Start of Data shown

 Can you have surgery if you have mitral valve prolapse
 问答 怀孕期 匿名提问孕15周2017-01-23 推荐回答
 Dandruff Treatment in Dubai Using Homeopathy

End of Data shown
Start of Data shown

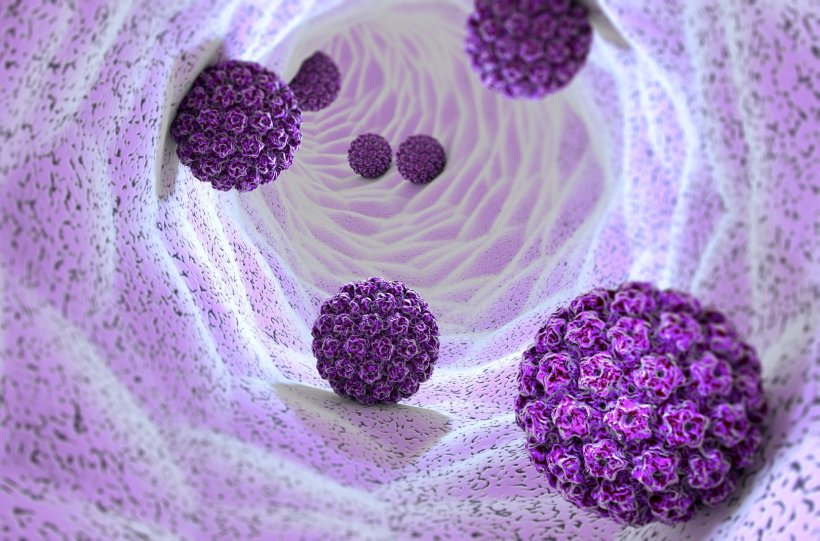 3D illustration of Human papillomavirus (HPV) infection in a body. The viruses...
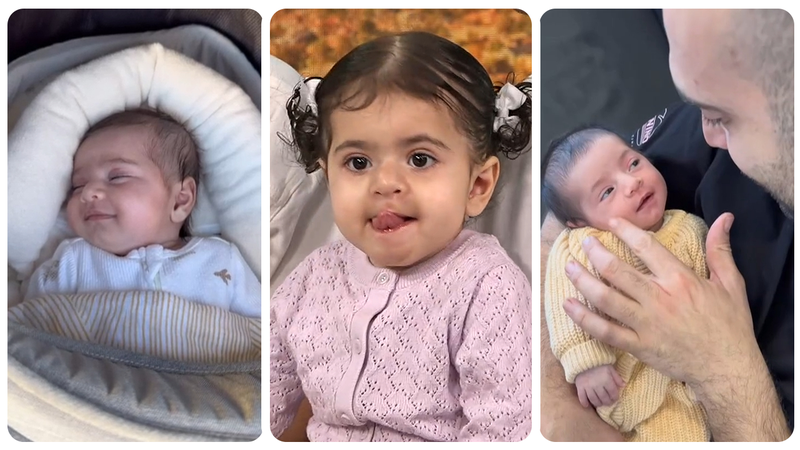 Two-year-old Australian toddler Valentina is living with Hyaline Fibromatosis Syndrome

End of Data shown

→ Brief
Everything above from the line containing "Can you have" down to the line containing "Dandruff Treatment in Dubai Using Homeopathy" should be copied exactly, both end lines included, and nothing else.

→ Worked solution
 Can you have surgery if you have mitral valve prolapse
 问答 怀孕期 匿名提问孕15周2017-01-23 推荐回答
 Dandruff Treatment in Dubai Using Homeopathy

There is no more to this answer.